[Opening Extracted entries section]
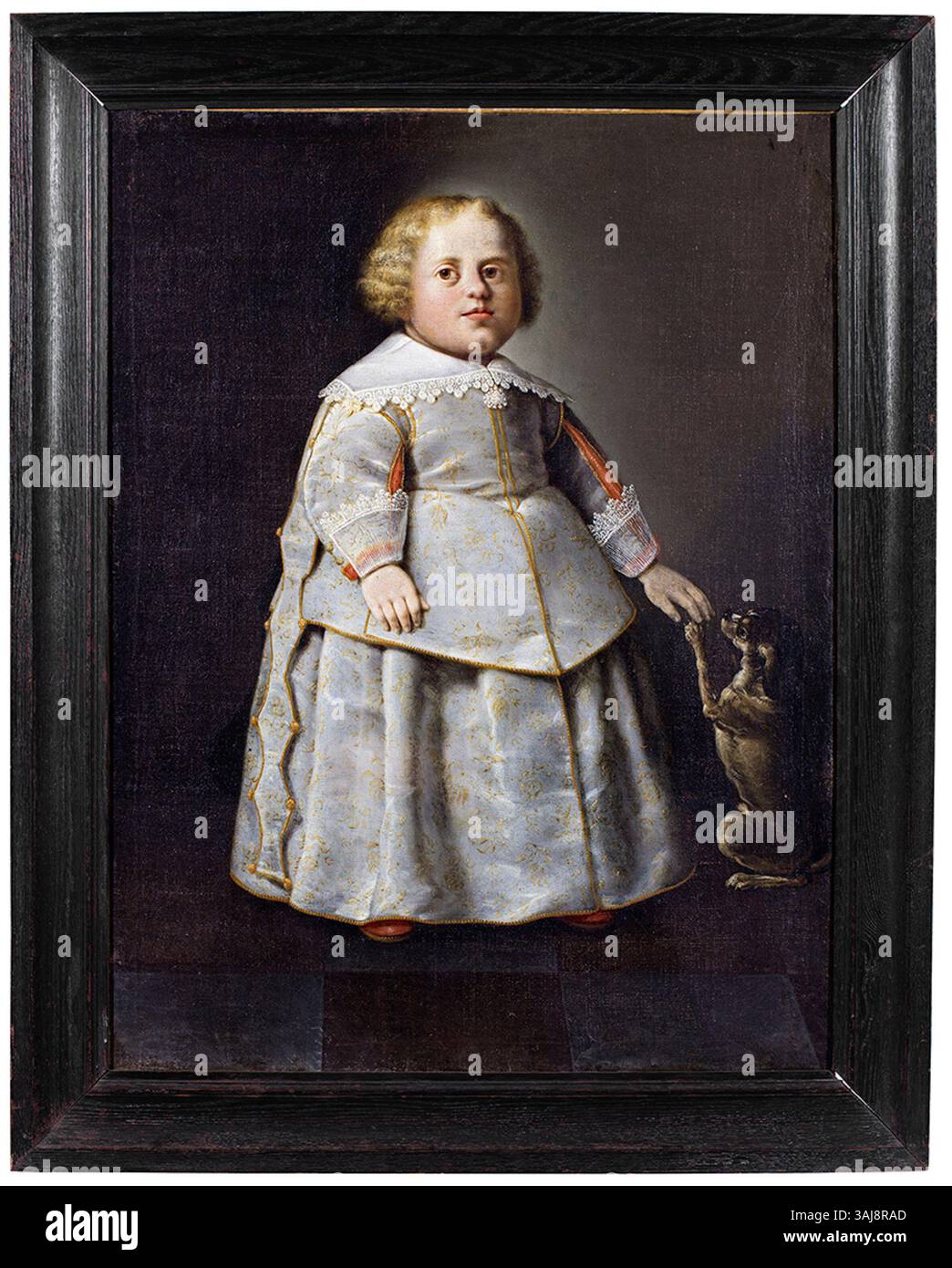 A portrait attributed to Jan ten Berge, painted in 1650. This oil on canvas portrays a historical figure in a detailed Dutch Baroque style. Stock Photo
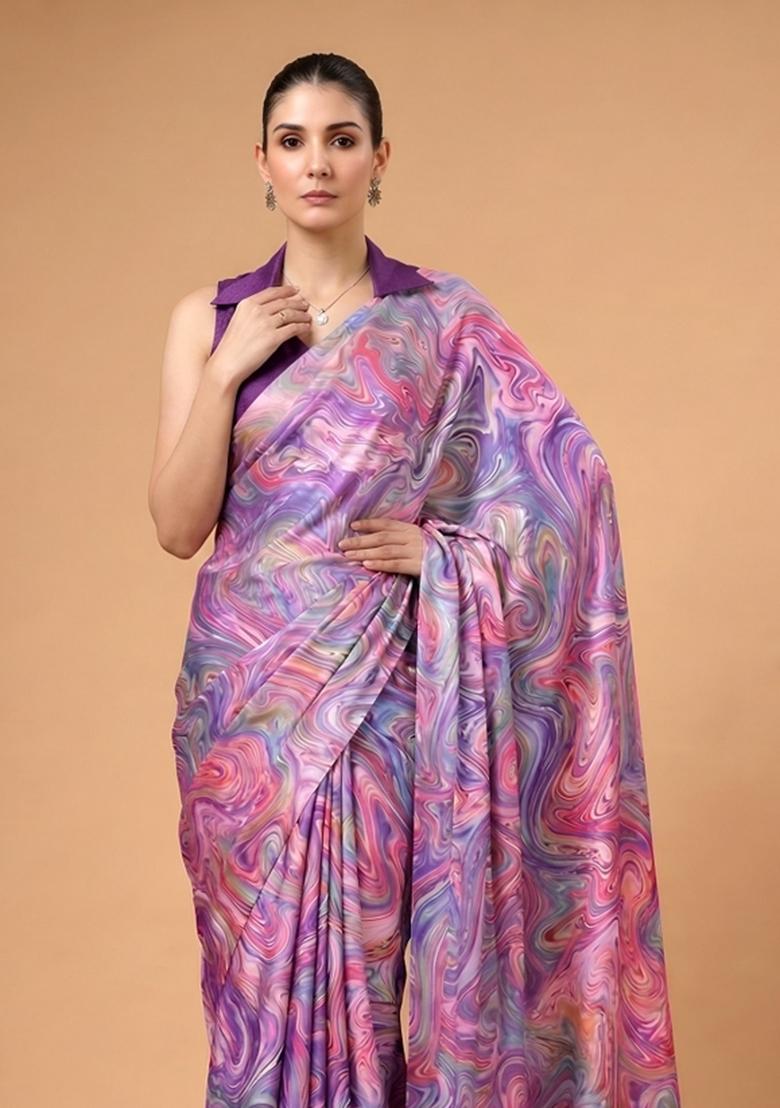 Multicolor Printed Silk Blend Saree Set - Indya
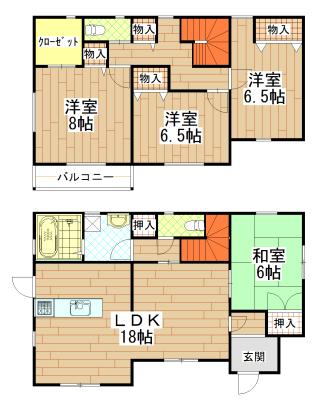 Floor plan. 25,800,000 yen, 4LDK, Land area 156.49 sq m , Building area 110.13 sq m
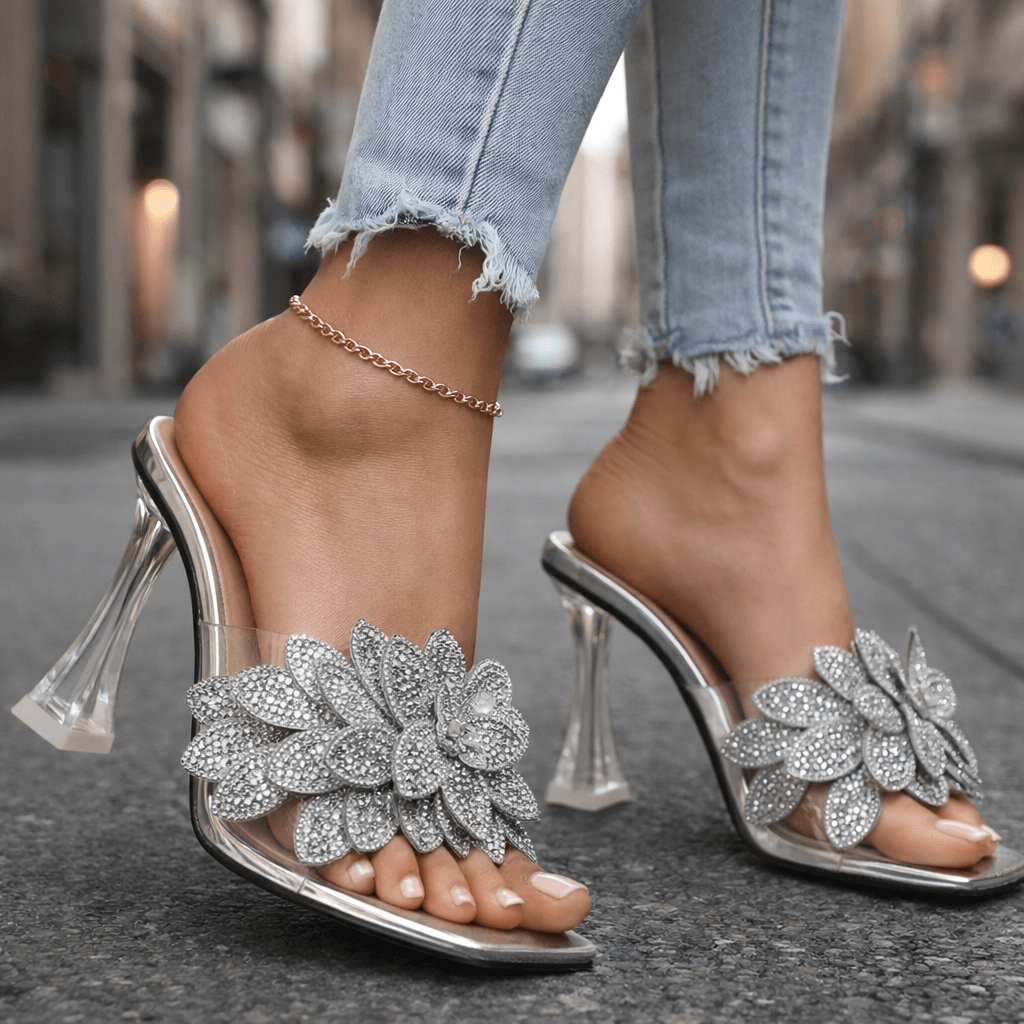 Women's Sparkling Floral Open-Toe Heels Corvine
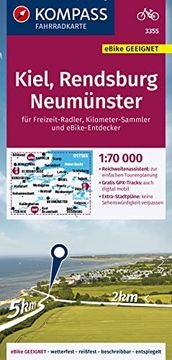 portada Kompass Fahrradkarte 3355 Kiel, Rendsburg, Neumünster 1: 70. 000 (en Alemán)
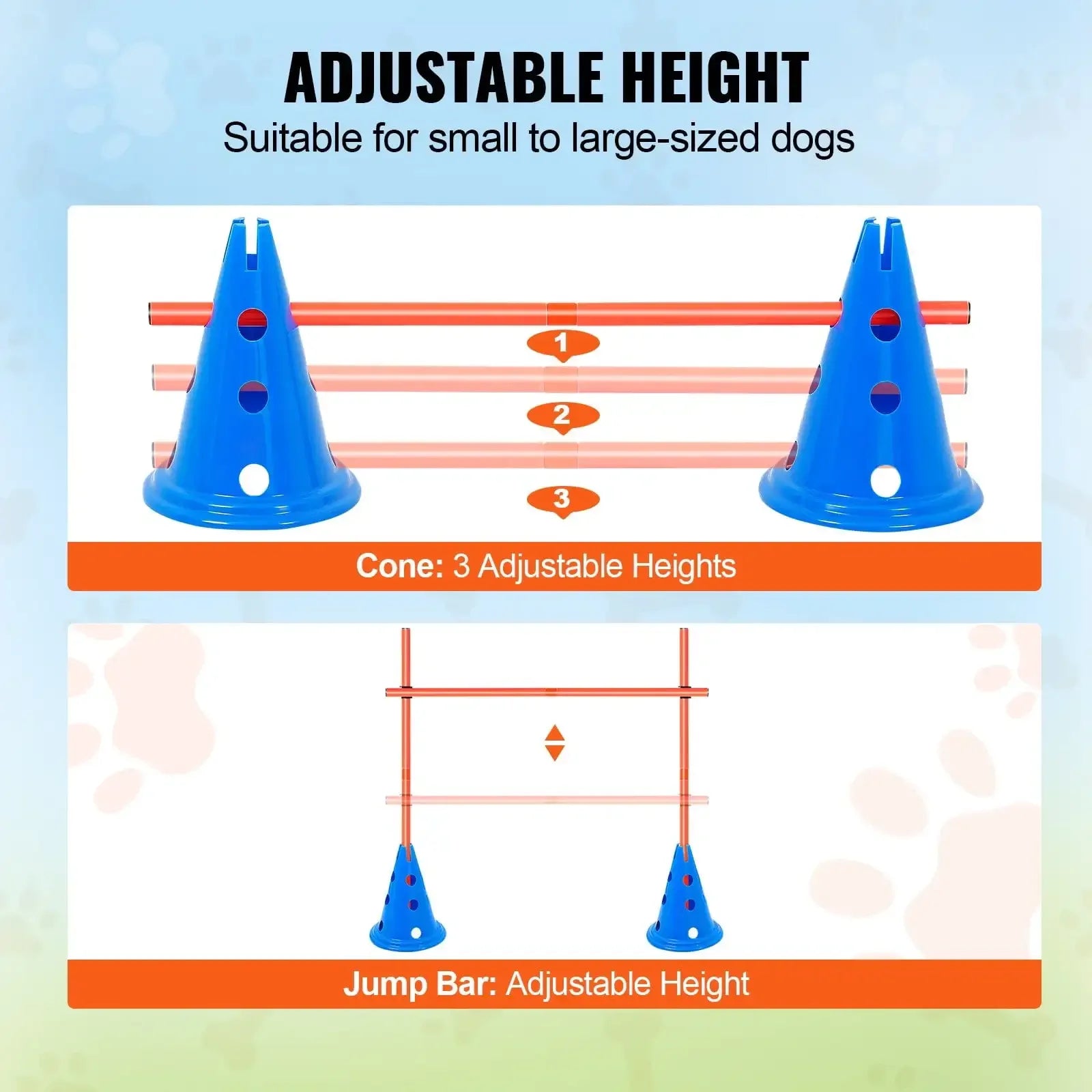Dog Agility Hurdle Cone Set – 6-Piece Training Kit with 12 Cones, 6 Agility Rods & Carry Bag for Pet Exercise & Obedience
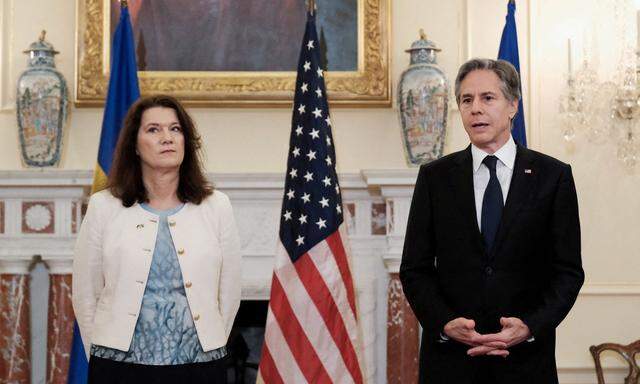 Außenministerin Ann Linde und ihr US-Amtskollege Antony Blinken. Schweden soll von den USA gewisse Sicherheitszusagen im Falle eines Beitrittsverfahrens zur Nato erhalten.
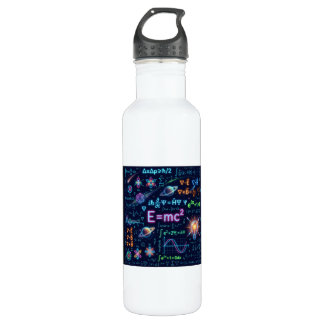 Neon Science Equations Water Bottle | Physics Math Waterfles
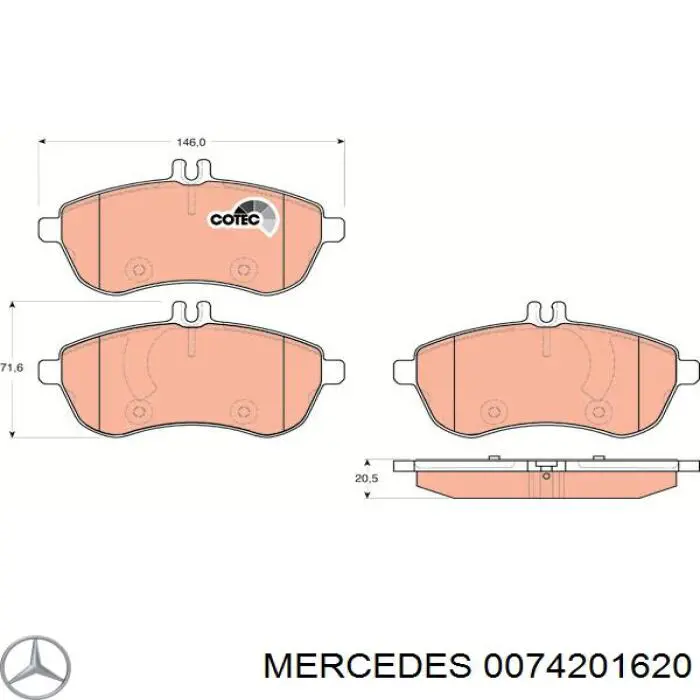 Тормозные колодки Mercedes 0074201620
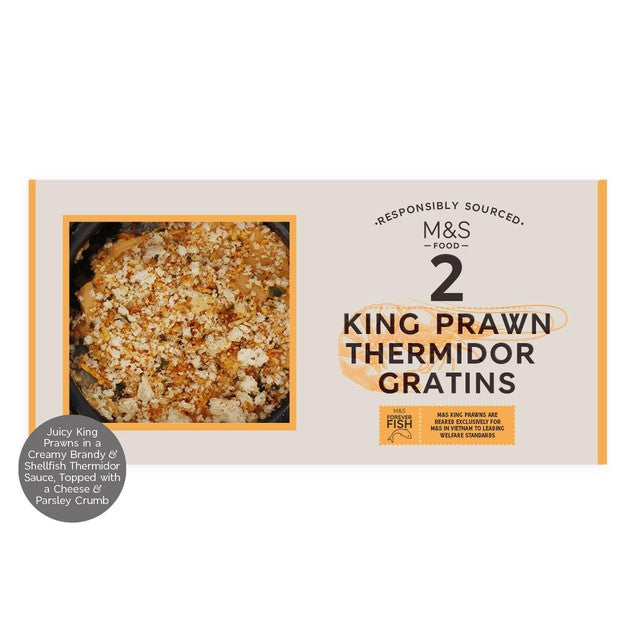 M&S King Prawn Thermidor Gratin 240g, imported from the UK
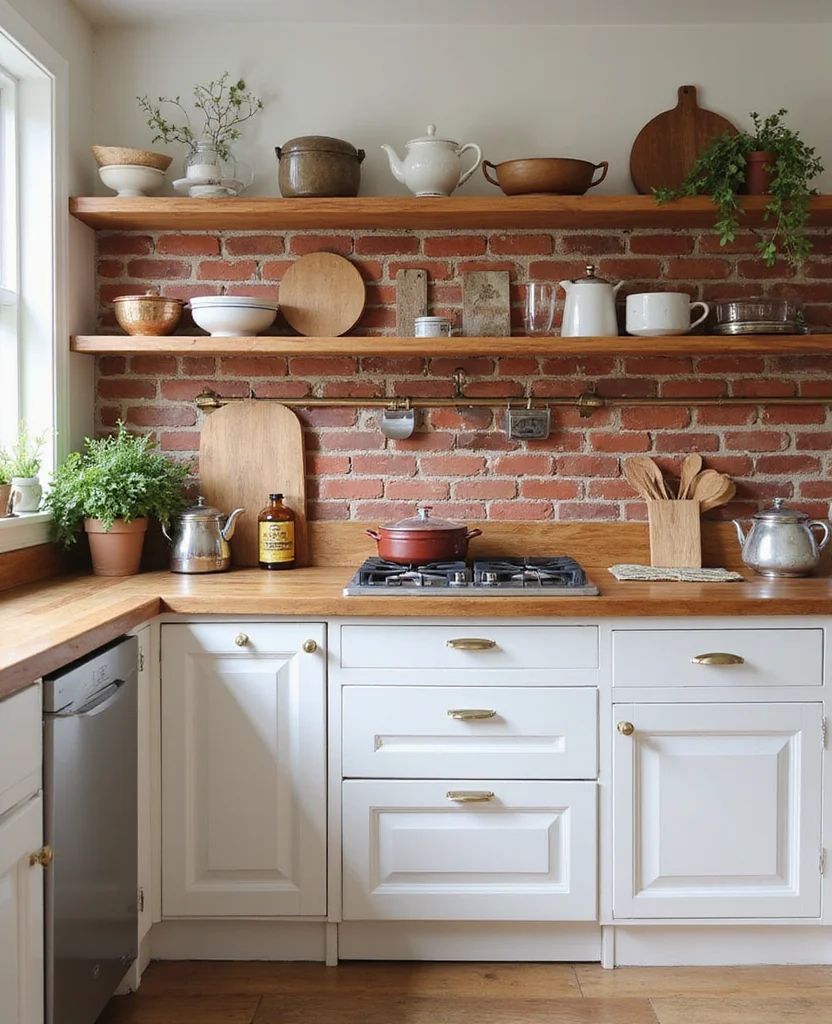 Transform Your Kitchen with These 19 Brick Backsplash Ideas (You Won't Believe #12!) - 1. Classic Red Brick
[Closing Extracted entries section]
=== Task ===
Your reply should hold only the lines from the one that contains "Neon Science Equations" through the last line of the records above, exact and complete, and no pictures.

=== Response area ===
 Neon Science Equations Water Bottle | Physics Math Waterfles
 Тормозные колодки Mercedes 0074201620
 M&S King Prawn Thermidor Gratin 240g, imported from the UK
 Transform Your Kitchen with These 19 Brick Backsplash Ideas (You Won't Believe #12!) - 1. Classic Red Brick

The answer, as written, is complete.